Meiklewood had been quite a nice district. Not exactly affluent, but certainly respectable. Tam's had been a modern wee council scheme, built in the Seventies, and it had looked fairly pleasant - although admittedly people's tolerance for bad taste in those days extended to architecture as well as clothing and hairstyles. But colour-schemes and exterior wallcovering materials notwithstanding, it was always neat, always clean. People looked after the place because they had known a lot worse. They had jobs and they had self-respect, two things that could make stray chip pokes and lager cans fill the mind with a far greater dismay than if you actually had something serious to worry about.

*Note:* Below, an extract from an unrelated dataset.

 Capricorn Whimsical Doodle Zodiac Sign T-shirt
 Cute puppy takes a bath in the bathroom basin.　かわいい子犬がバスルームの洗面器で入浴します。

They had been happy there, him and Sadie, and the wee yin. He had been a man of modest dreams, he knew, and had felt a degree of pride at where he was, what his family had, and what he might realistically hope to bring them. He had left school at fourteen, as had two of his brothers. Only Greig, the youngest of them, was allowed to stay on, with the other three helping his da bring money home. Greig went to university, up in Glasgow. These days he was
teaching
in a university, down south, a professor of physics. There were brains in the family, he definitely knew that, and he had felt a sense of progress and achievement that Paul would get the chance to use his. Tam hadn't sat at night and wondered what if, bitterly reflecting on missed potential and chances denied him, but he did feel a dull ache of regret at times, and that was soothed by the thought of his son being able to spread his wings. Sibling strife and petty jealousies aside, when it came right down they had all felt pride in Greig, and in the part they had played, but that would be nothing compared to the pride Tam would have in Paul, and in himself for having got his son that far.

Then the plant closed.

Certain powers had made the law jump through hoops to keep him inside for almost the full seven years, but it was only when he got out of prison that Tam realised the full extent of the price to be paid. He had walked, like bloody Rip van Winkle, unsteadily and in weeping disbelief, from the bus stop and through the scheme to the old house. That was when he realised that jail had just been where they kept him while they got his real punishment ready. He had known about it, heard the tearful and increasingly blameful bulletins from Sadie in letters and visits. Pressure, strain, and inevitably, disintegration. But when he heard it, it was just news from the other world, the one he'd been banished from. His world stayed the same, and with his emotions frozen and anaesthetised, the only meaning the other world had existed purely in the words from Sadie's mouth and the letters on the page. Just 128

stories.

What he had shut out, what he couldn't afford to face during all those years inside, was that the world Sadie's words created was the world he would have to live in later. The one he used to live in hadn't been taken away for a time decided by the judge. It was gone forever.

The scheme looked like Sarajevo without the tanks. Chipboard seemed to have become a popular alternative to glass in a great many of the window frames, enjoying the same insulation qualities at a lower price, but perhaps sacrificing a certain degree of transparency. However, glass itself had not gone out of fashion; rather it was now employed as a road surface material, making the streets glisten and sparkle, kaleidoscopically reflecting the blue flashing lights of the patrol cars and ambulances. Stray dogs snapped angrily at each other in the overgrown gardens, where the balding and broken hedges slumped above walls daubed with slogans uniformly promising violence and retribution against various groups or individuals for unspecified transgressions.